Entro asustado al avión y apenas echo una mirada vacilante, la veo: allí está ella, regia, guapa, esplendorosa, burlándose del paso de los años, hojeando una revista frívola, bebiendo champagne, esperándome con una sonrisa.
La saludo y me hundo en mi asiento, no tan lejos de ella. Sólo tres filas nos separan.
Cuando despega el avión y autorizan a desabrocharse los cinturones, viene a sentarse a mi lado.
Entonces espero a que me grite, me diga cosas insidiosas, me recuerde cuánto lamenta que me enamorase de su hija, cuánto detesta mis libros, cuánto me odia.
Pero ella sonríe, leve y espléndida, y dice:
—Ese corte de pelo te queda fatal.
Quedo demudado. Ella continúa:
—No puedes tener el cerquillo tan largo, te da un aire demasiado nerd.
Asiento en silencio.
—Te conviene cortarte el cerquillo y esas olitas de atrás que ya no se usan, parecen de futbolista, de actor de telenovelas.
—Gracias —digo tímidamente.
—Otra cosa —prosigue—. Tienes un remolino atrás, no puedes cortarte el pelo así, porque se te nota mucho el remolino, tienes que cortártelo con ondulaciones para que caiga más parejo, más ordenado, si no parece que tuvieras un gallinero en la cabeza.
—Lo voy a tener en cuenta —digo.
Se hace un silencio.

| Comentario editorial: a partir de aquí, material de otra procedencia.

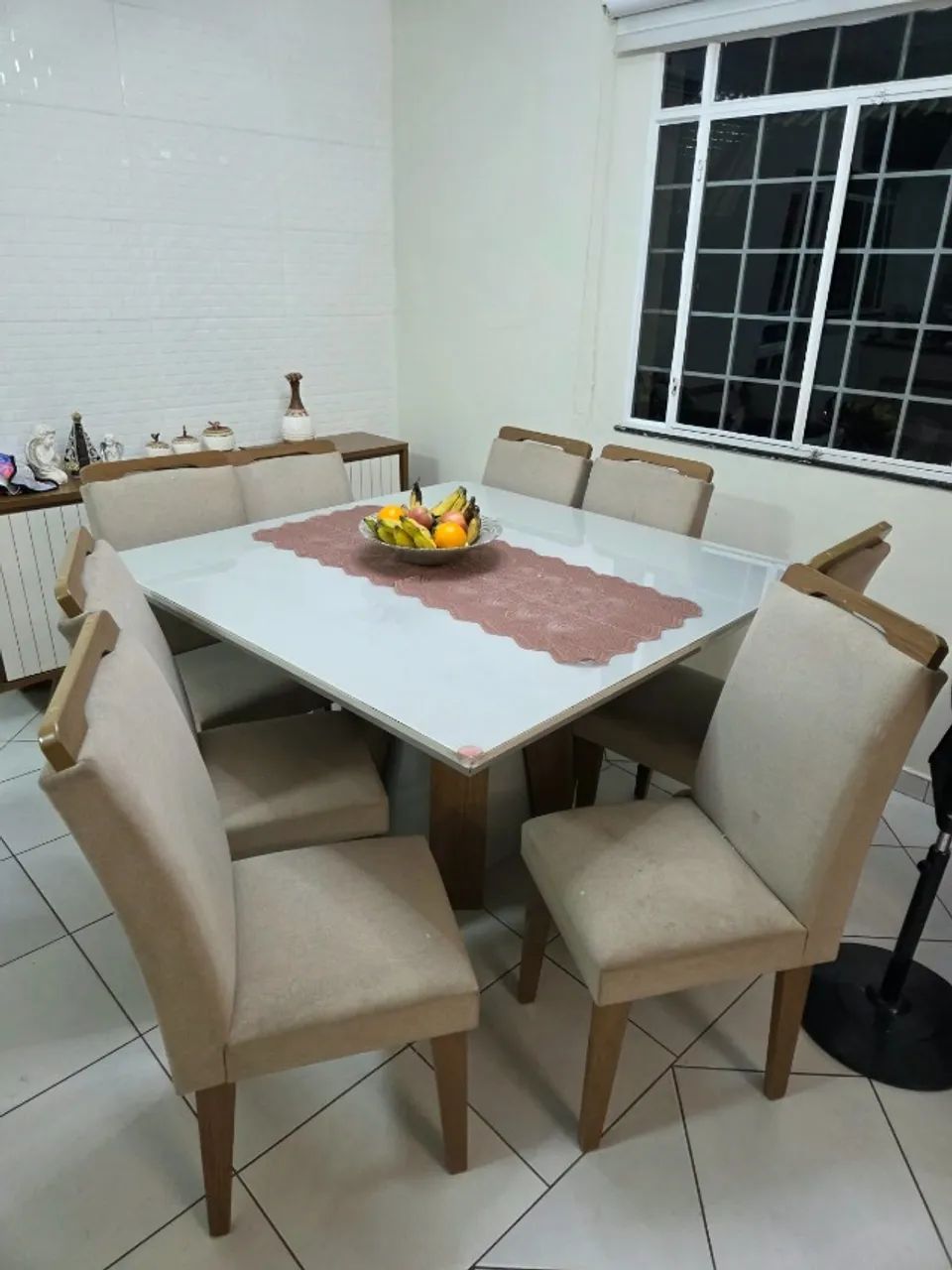 MESA DE JANTAR COM OITO CADEIRA - Foto 2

Si supiera que mi último corte de pelo fue en Washington con una francesa que me cobró una fortuna, pienso.
—Hace tiempo que necesito decirte algo —dice ella, mirándome con una intensidad abrasadora.

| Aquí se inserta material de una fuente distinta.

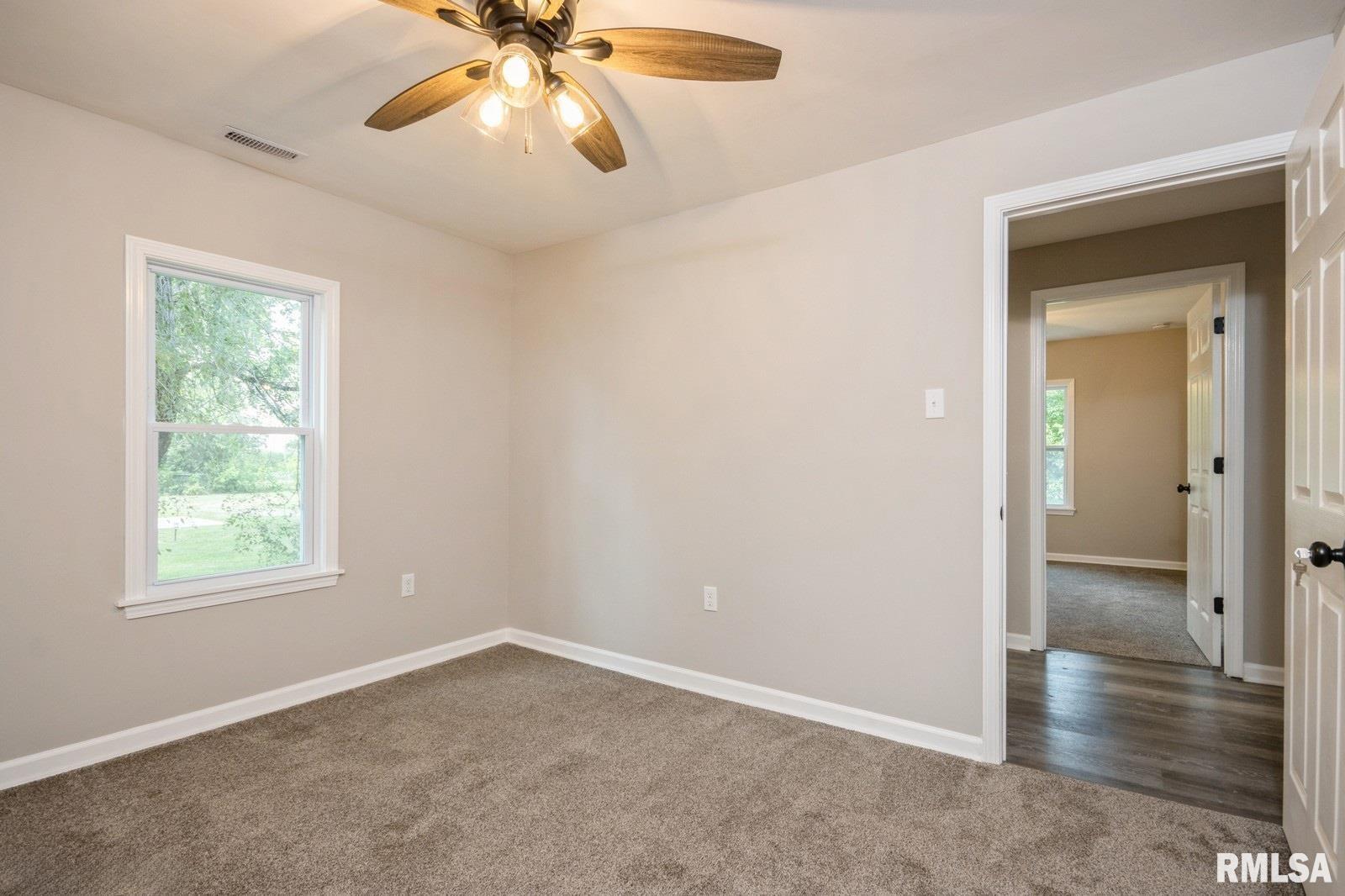2889 North 25th Street Decatur, IL 62526 - Photo 12 of 15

Imagino entonces que me dirá las cosas más terribles.
—No puedes seguir así —dice, tomándome del brazo con compasión.
Espero a que me diga que debo ir al siquiatra, que estoy enfermo, que no puedo seguir escribiendo esa clase de libros.
—No soporto verte así —añade, conmovida—. Tienes que cambiar.
Sigo escuchando, sumiso.
—Tienes que blanquearte los dientes, por el amor de Dios —dice ella.
Quedo pasmado.
—Es un sufrimiento atroz verte así, con los dientes amarillentos —añade, y me obliga a sonreír y enseñarle los dientes, y ella se repliega en una mueca de disgusto o repugnancia—. Tú que sales tanto en los reportajes y que siempre estás sonriendo, tienes que tener una sonrisa perfecta, no puedes tener esos dientes amarillentos de viejo fumador.
—Mil gracias por el consejo —digo.
—De nada —dice ella.
Luego pasa sus manos por mi pelo, revolviéndolo, acomodándolo a su gusto, echándolo hacia atrás, procurando que caiga con la ondulación adecuada, y dice: —¿Ves?, así, con una olita, se ve mucho mejor. A continuación añade:
—Tienes el pelo demasiado grasoso.
—Es que no me lo he lavado esta mañana —confieso.
—Qué horror —dice ella—. Debes lavártelo todos los días.
Enseguida pasa su mano por mi quijada y por la bolsa de piel que cuelga debajo de ella y, palpándola, sopesándola, dice:
—Tienes demasiada papada. Esto sí que es serio.
—Bueno, sí, he engordado un poco —admito.
—No puedes andar con esta papada de pavo real, es una vergüenza —dice, sin dejar de tocarme suavemente—. Tienes que dejar de comer queso brie. Tu perdición es el queso. Basta de quesos. Y nada de chocolates. Toda esa grasa se te va aquí, a la papada.
—Buen consejo —digo.
—¿Tienes una hoja de afeitar? —me pregunta.
—Sí —digo—. En mi carry on.
—Dámela, por favor. La necesito.
Me pongo de pie, abro mi maletín, saco la hojita descartable y se la doy.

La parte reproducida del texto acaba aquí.